It seems that smell alone would be enough to leave you turning up daisies, and the taste suggests something which, unless you are a lawnmower, positively should never be ingested. If ever you've imagined taste-testing insecticide or paint thinner, Chinese white wine, or baijiu (白酒), should be a fair approximation. And if by some divine intervention you do survive it and the inevitable hangover, you will forever be haunted by memories of your hosts plugging your nostrils with lit cigarettes and forcing the drink down your throat with ghoulish generosity.

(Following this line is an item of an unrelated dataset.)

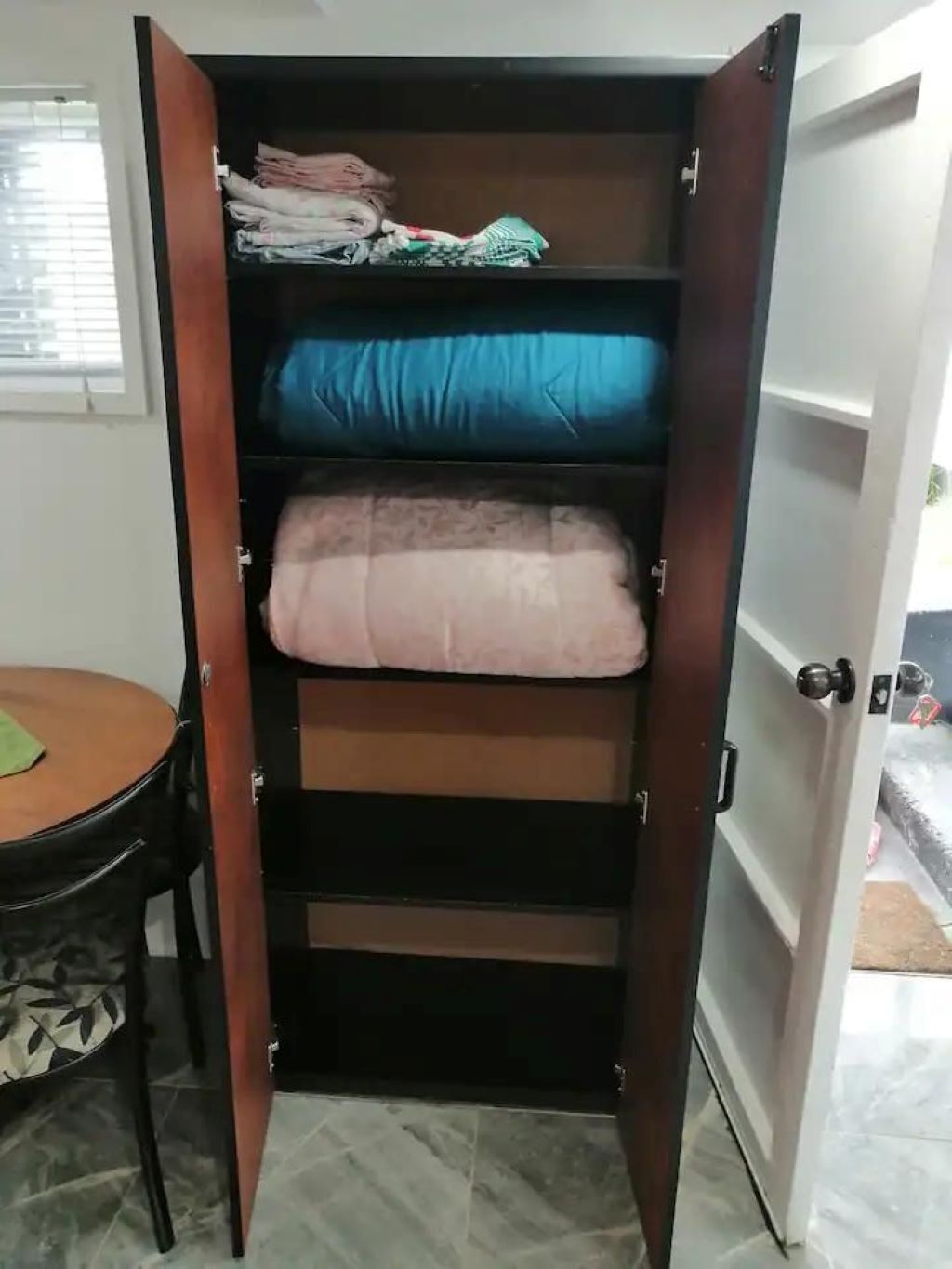 Een inloopkast met verschillende planken, een tafeltje met een stoel, en een deur naar een andere kamer.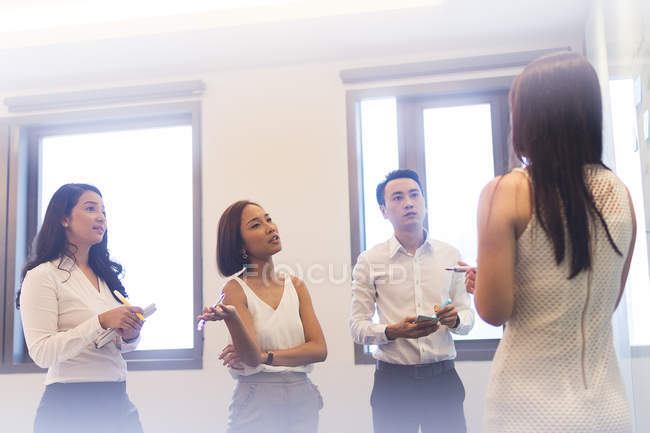 Mujer joven haciendo la presentación a sus colegas en la oficina moderna - foto de stock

Okay, so obviously, we're not fans of the stuff and many of the delightful perversities ... er, idiosyncracies of doing business with Chinese characteristics. But, alas, we know: it's all about fun and love and our host just wants to know what we look like when we are hysterically drunk against our will so that we can be very close friends and reminisce about our over-indulgence. "Ha! That was just degrading!" we'll laugh one day.
In any case, it seems that at least some Chinese should agree that a live-pickling is not such a good idea, as Reuters is reporting that the Shanghai Daily is reporting that that five Chinese power bureau officials have been dismissed or demoted after 25-year-old Hebei man, Zhang Hongtao was found dead after a night of binge drinking.

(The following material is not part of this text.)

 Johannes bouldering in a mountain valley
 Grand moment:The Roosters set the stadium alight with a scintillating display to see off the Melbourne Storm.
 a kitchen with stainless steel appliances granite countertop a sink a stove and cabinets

"That night, Zhang consumed a lot of alcohol and became very ill. When the bureau invited the group to dine again the next day, Zhang's lifeless body was found, which Zhang's family said was due to alcohol poisoning."

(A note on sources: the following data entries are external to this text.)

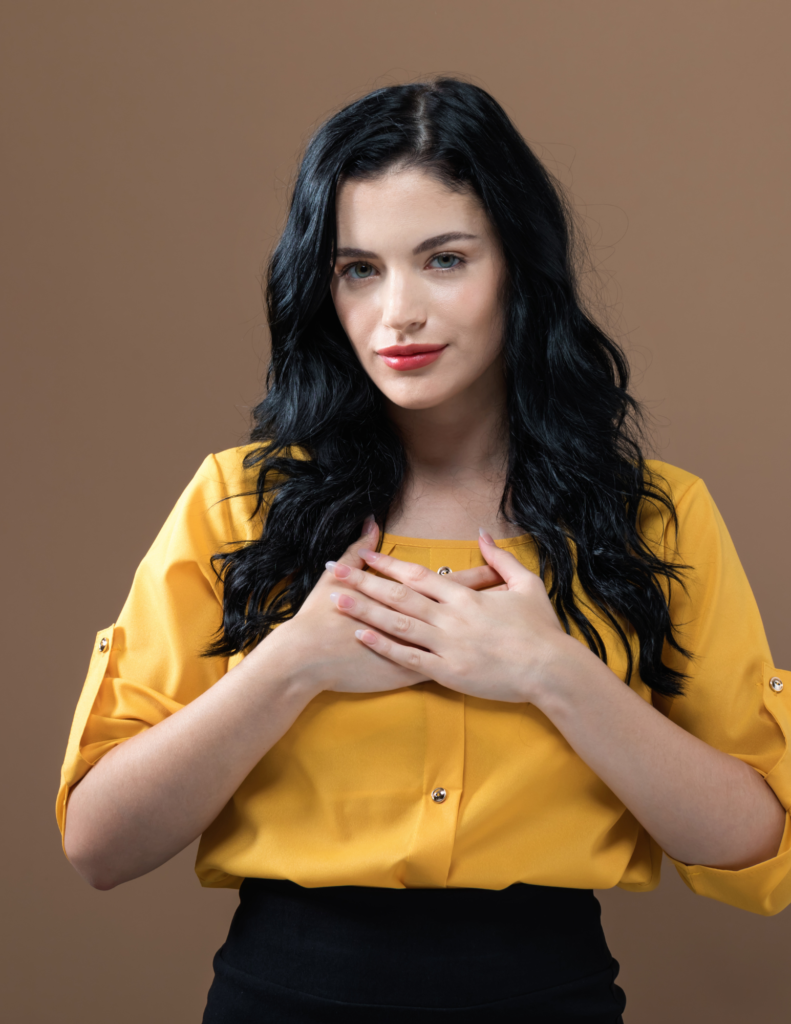 Woman in yellow shirt with hands of heart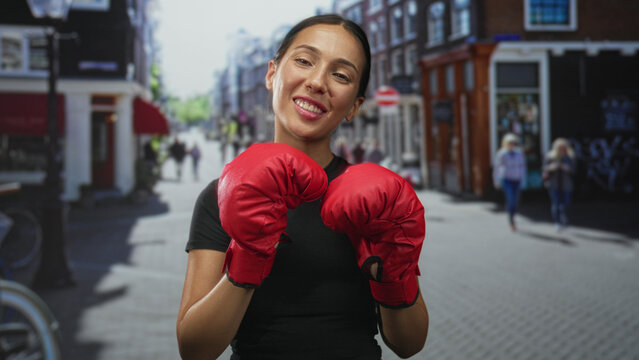 Woman holds boxing gloves up in a street boxing stance, smiling and posing with red mitts; confidence training empowerment.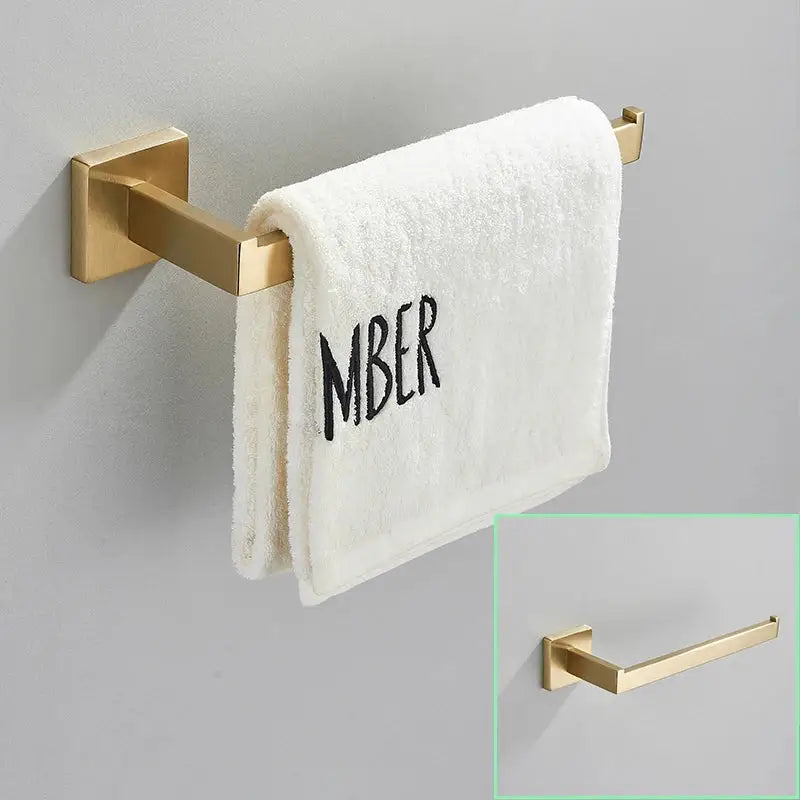 Modern brushed gold wall-mounted towel rack with square brackets holding a white towel from decorbites brushed gold hardware set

The story might have died with [Zhang] in April were it not for subsequent revelations that the fatally lavish binges were paid for by the company he was supposed to be inspecting, Yanshan Power Supply.Mr Zhang's case is now held up as an example of how widespread bribery has become in China, despite frequent highly publicised crackdowns and a ban on corporate entertaining of auditors.
This incident follows a similar case in Zhejiang last month in which eight friends were ordered to pay compensation after a guest they "made drink too much" collapsed and died at a banquet.
One would think that the intrinsic charms of the drink would be a deterrent to such depravity, but like corruption, pounding baijiu is simply a fact of the moment here.
Does anyone know where we can get a good deal on a new or used liver?